● WHAT THE TASK ASKS: Keeping every character as it is, transcribe the entries below.

Items from a data source:
__________
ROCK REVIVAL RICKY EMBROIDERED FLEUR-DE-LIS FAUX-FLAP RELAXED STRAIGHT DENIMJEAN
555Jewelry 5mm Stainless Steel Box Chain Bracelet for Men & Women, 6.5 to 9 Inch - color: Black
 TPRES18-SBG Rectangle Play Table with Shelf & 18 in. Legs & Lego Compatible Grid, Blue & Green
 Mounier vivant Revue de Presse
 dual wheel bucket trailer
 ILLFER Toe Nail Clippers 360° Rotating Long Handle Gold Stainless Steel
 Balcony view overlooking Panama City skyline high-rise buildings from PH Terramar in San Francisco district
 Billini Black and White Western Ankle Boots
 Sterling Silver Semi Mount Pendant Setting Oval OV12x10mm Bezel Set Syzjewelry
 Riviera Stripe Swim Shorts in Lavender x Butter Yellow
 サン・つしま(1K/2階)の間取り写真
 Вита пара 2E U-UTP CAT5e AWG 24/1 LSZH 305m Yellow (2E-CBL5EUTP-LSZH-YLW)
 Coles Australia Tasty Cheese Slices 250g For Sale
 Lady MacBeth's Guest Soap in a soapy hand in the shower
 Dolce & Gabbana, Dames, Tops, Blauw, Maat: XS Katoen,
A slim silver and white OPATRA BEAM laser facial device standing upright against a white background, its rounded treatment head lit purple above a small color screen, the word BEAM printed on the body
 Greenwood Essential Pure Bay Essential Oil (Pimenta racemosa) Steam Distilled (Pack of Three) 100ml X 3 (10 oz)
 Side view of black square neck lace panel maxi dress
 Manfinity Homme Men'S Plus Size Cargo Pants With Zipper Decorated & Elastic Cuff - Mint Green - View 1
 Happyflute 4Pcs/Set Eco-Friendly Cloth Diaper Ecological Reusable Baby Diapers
__________
● ANSWER SECTION:
ROCK REVIVAL RICKY EMBROIDERED FLEUR-DE-LIS FAUX-FLAP RELAXED STRAIGHT DENIMJEAN
555Jewelry 5mm Stainless Steel Box Chain Bracelet for Men & Women, 6.5 to 9 Inch - color: Black
 TPRES18-SBG Rectangle Play Table with Shelf & 18 in. Legs & Lego Compatible Grid, Blue & Green
 Mounier vivant Revue de Presse
 dual wheel bucket trailer
 ILLFER Toe Nail Clippers 360° Rotating Long Handle Gold Stainless Steel
 Balcony view overlooking Panama City skyline high-rise buildings from PH Terramar in San Francisco district
 Billini Black and White Western Ankle Boots
 Sterling Silver Semi Mount Pendant Setting Oval OV12x10mm Bezel Set Syzjewelry
 Riviera Stripe Swim Shorts in Lavender x Butter Yellow
 サン・つしま(1K/2階)の間取り写真
 Вита пара 2E U-UTP CAT5e AWG 24/1 LSZH 305m Yellow (2E-CBL5EUTP-LSZH-YLW)
 Coles Australia Tasty Cheese Slices 250g For Sale
 Lady MacBeth's Guest Soap in a soapy hand in the shower
 Dolce & Gabbana, Dames, Tops, Blauw, Maat: XS Katoen,
A slim silver and white OPATRA BEAM laser facial device standing upright against a white background, its rounded treatment head lit purple above a small color screen, the word BEAM printed on the body
 Greenwood Essential Pure Bay Essential Oil (Pimenta racemosa) Steam Distilled (Pack of Three) 100ml X 3 (10 oz)
 Side view of black square neck lace panel maxi dress
 Manfinity Homme Men'S Plus Size Cargo Pants With Zipper Decorated & Elastic Cuff - Mint Green - View 1
 Happyflute 4Pcs/Set Eco-Friendly Cloth Diaper Ecological Reusable Baby Diapers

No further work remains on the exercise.